The Theo Spears Blog

Blogging Considered Harmful (Considered Harmful)?

Sabbatical Day 41

It's been a long time since the last update. So long I can't track what number this should be, so I am calling it day 41.

So what's been going on since last time. Mainly going on holiday to switzerland, Christmas, and dropping out of the course I was studying. And a few things that are actually useful.

  • I've turned off new customer acquisition (principally) adwords for Steady Service as I have a list of things that I need to address, and I don't believe it makes sense to carry on paying money to attract people when there are things I know the service really needs. I will need to avoid falling into the trap of making a large number of changes, turning things back on, and then not having any data.
  • I've signed up to play with the Rackspace Cloud Monitoring Beta. This should allow automatic monitoring of all the sites I host. Unfortunately it has a restful rather than a declarative API, so I'll need to do some work to take puppet configurations and turn them into changes to be performed against rackspace.
  • I've been doing some interesting reading about more computer science topics, including the zipper, derivatives of data types and the lambda calculus.
  • I'm due to go back to work as normal next week, so I've been starting to figure out what is happening there.

Sabbatical Day 40 - Downtime

Two missing updates. I was feeling poorly and thus mainly spent the days in bed. Clearly I'm not hardcore.

Today saw the first significant bit of downtime for SteadyService - customer sites were unavailable for a while.

So what happened:

  • Amazon have made some changes to their infrastructure, which required restarting customer VMs. As scheduled, the VM hosting customer services was restarted.
  • Services were not scheduled to come online when the machine starts up, so they did not start when the machine came back a few minutes later. I knew that this would be the case when I wrote the original scripts, but in the time between writing them and now I forgot about this.
  • There was no active monitoring of the sites in place, so I didn't notice that this was the case.

So what am I doing to prevent this occuring again?

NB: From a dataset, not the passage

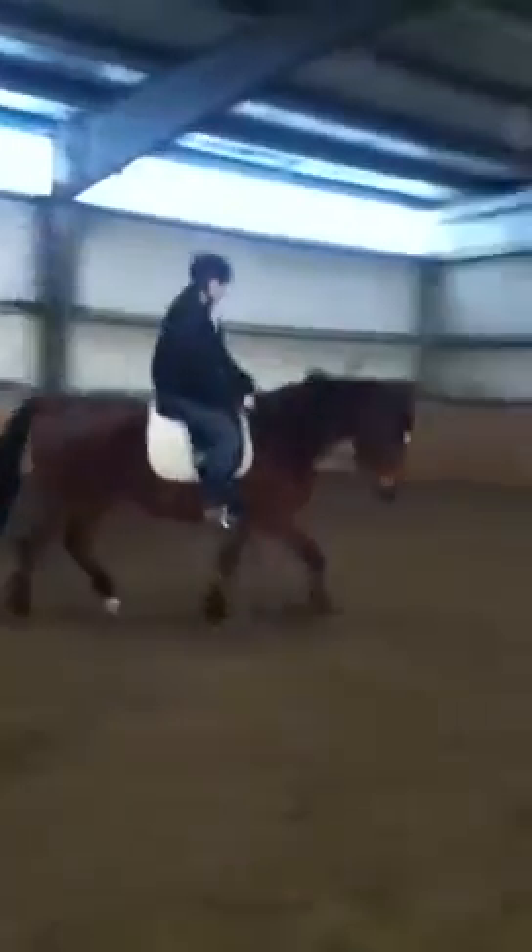Thumbs up. Take some contact now because he's bracing off you. Push him forward. Hold that right flexion a little bit and then let go. All right, and that's for the canter.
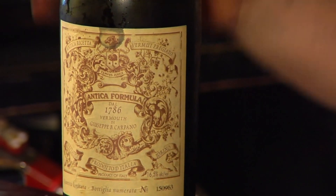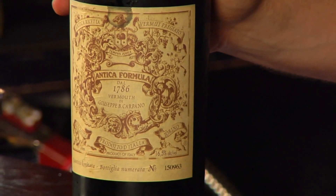Hello, welcome to Raising the Bar. I'm Jamie Boudreaux. Today we're going to talk about vermouth and vermouth style cocktails. I absolutely love vermouth in a cocktail. I think some of the best cocktails out there are vermouth cocktails like the Manhattan or the Martini.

  • Adding active monitoring to all the sites to I will be notified immediately if anything breaks. I need to monitor many more hosts than most commerical solutions make possible, plus I want to automatically add customer hosts when they are created, so it looks like this will be something home grown with Nagios. Any better ideas.
  • I will be modifying my site creation scripts so sites are automatically brought online again when a box restarts.
  • In future if Amazon schedules a restart of machines hosting customer data I will handle it by bringing up a new box hosting customer sites, testing it works, transfering DNS over, and then bringing down the old server. This should avoid the downtime which would otherwise be caused by restarts.

This is another reminder that running an always available service has a whole host of additional challenges you don't face when just writing and distributing software.

Sabbatical Day 39

I'm spending the day working on a visitor tracking and data recording system based around CouchDB, nodejs, and browser javascript. To my surprise I am broadly liking nodejs so far. The available libraries seem well build and easily composable, and not having to switch languages between client side and server side is very nice.

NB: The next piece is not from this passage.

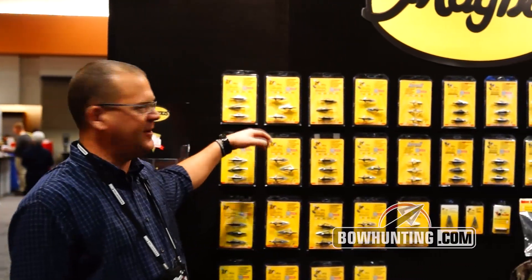How are you doing folks? I'm John Betker with Magnus Outdoor Products. Welcome to our booth at the ATA show. I just want to give you a quick rundown on Magnus.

Clientside javascript is a different matter. I can never get used to just how little functionality is provided in the javascript standard library. Coupled with the way javascript files cannot easily depend on other javascript files, it makes development a real pain. Plus because this code all has to be transmitted over the wire it's much harder just to build on work which other people have already done. I'm shipping as part of my file some functions to get and set cookies. Why do I have to include this in my file rather than having some nice import statement? Why does this code have to be written at all rather than being part of the browser? Clientside javascript makes me annoyed.

Sabbatical Day 38

I've just finished reading The Lean Startup by Eric Ries. It's the book everyone says you need to read if you are involved in startups, although it is not without criticism. Let's be clear, this is not a book that is going to win awards for the quality of writing or exposition, but the ideas it contains certainly make a valuable contribution to the debate.

I'm not going to discuss the ideas in the book or their merits, many people much smarter than I have done so already. I'm going to talk a little about how we tend to bend language in the business community.

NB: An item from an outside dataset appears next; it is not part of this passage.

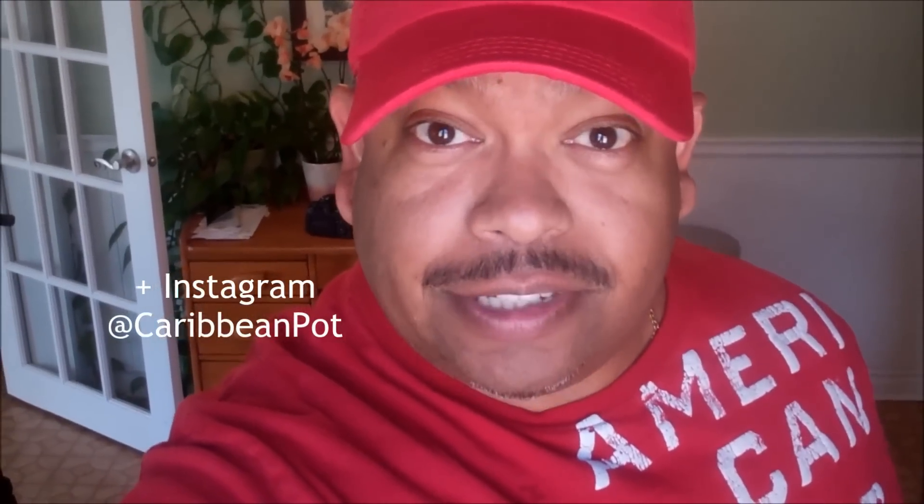What's up soldiers! Chris here at CaribbeanPod.com, vibes up in the kitchen. As promised, every weekend this summer I'll be sharing a beverage with you guys — something to beat the heat. It is currently about 37, 38 degrees Celsius outside. Yes, Canada gets very hot in the summertime.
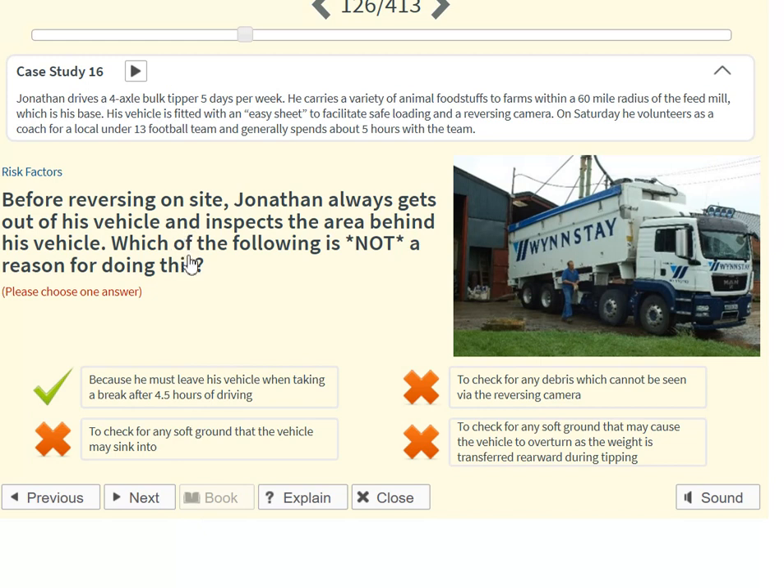Before reversing on site, Jonathan always gets out of his vehicle and inspects the area behind his vehicle. Which of the following is not a reason for doing this? Because he must leave his vehicle when taking a break after 4.5 hours of driving.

The Lean Startup is fundmanetally about two ideas: science and agility. Ries advocates an approach to business strongly informed by the scientic method, and is a firm believer in following a repeatable and proven process to making business decisions. You come up with a hypothesis, you decide how to test in, and then you go about collecting the data to either validate or falsify this hypothesis. Follow this process and with some luck your business should slowly improve. By making decisions based on this process you can be more agile and flexible by avoiding internal politics (you are using data not decisions) and people stalling, and can get into the habit of changing things regularly.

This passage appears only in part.